Hello spec enthusiasts! Team Collect has completed most of an implementation for this functionality and is now blocked on the specification. I think this is a largely unprecedented scenario because we typically wait to have an approved spec before implementing. In this case, our commitments and constraints are such that it made sense to prioritize the implementation. Our ideal would be to release it in 2 weeks which would require a finalized spec by this Friday at the latest. I don't want to rush the process and if there are strong feelings that we need to continue consideration, we can delay. On the other hand, if folks don't feel very strongly, perhaps we can try to get to a quick conclusion. I think this is fairly self-contained and a less than optimal spec here seems unlikely to have much impact.
Are there any other clients that are very eager to implement background audio recording (@martijnr, @Xiphware)? If so, do you think recording a limited range of questions would be relevant in that context?
On the XLSForm side, we are considering a parameter-based option and a nesting option.

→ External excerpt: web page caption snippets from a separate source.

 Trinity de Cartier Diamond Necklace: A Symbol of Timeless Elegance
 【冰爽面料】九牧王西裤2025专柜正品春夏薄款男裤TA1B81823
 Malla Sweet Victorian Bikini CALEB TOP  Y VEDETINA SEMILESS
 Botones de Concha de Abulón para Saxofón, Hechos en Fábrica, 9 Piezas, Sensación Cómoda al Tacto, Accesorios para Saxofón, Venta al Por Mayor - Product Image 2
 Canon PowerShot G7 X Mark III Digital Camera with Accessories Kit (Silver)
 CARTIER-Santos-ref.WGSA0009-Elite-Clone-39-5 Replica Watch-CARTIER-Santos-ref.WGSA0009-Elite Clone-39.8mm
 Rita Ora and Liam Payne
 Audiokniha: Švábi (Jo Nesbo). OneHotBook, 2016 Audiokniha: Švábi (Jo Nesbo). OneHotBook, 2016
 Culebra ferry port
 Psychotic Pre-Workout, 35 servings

If I had to make a decision immediately, I would go with the initial attribute-based proposal for both XForms and XLSForm. There's a lot I like about the XForms hybrid concept and would be happy if we went with it but I am somewhat uncomfortable with having to restrict events to only xforms-ready. I continue to believe that introducing an action that can be triggered by any event adds a lot of complexity and I'm not seeing benefits that would make it worthwhile.
@Xiphware and I had some back and forth today and he's overall preferring the hybrid approach. He has highlighted that he is thinking about event-triggered recording because he is interested in user-directed data capture with something like events from a client pause/record button triggering data capture.
One additional possible wrinkle I want to mention if we do go in an action/event direction is that xforms-ready is still not well-defined. We had a long conversation about it when we added odk-instance-first-load. Upon reflection, I think that the question about whether xforms-ready is fired or not on reentry into a saved form might be irrelevant in W3C XForms because the assumption is that forms are filled out while online and that there's no "save as draft" concept. Either way, we'd need to decide whether we re-introduce xforms-ready with a different meaning than what it used to have or introduce a new event.
I propose we introduce the odk-instance-load event. I don't think there's much benefit to using xforms-ready and there's something nice about having odk-instance-first-load and odk-instance-load. That would give us:
(To be clear, I don't feel very strongly about this and would also be happy with re-introducing xforms-ready and documenting that it's fired both on an empty form and when loading a draft record)
On the XLSForm side, I think it makes sense to have a type for whole-form recording even if we do eventually introduce a start/stop syntax. Having to have start/stop directives that wrap the whole form definition seems really annoying.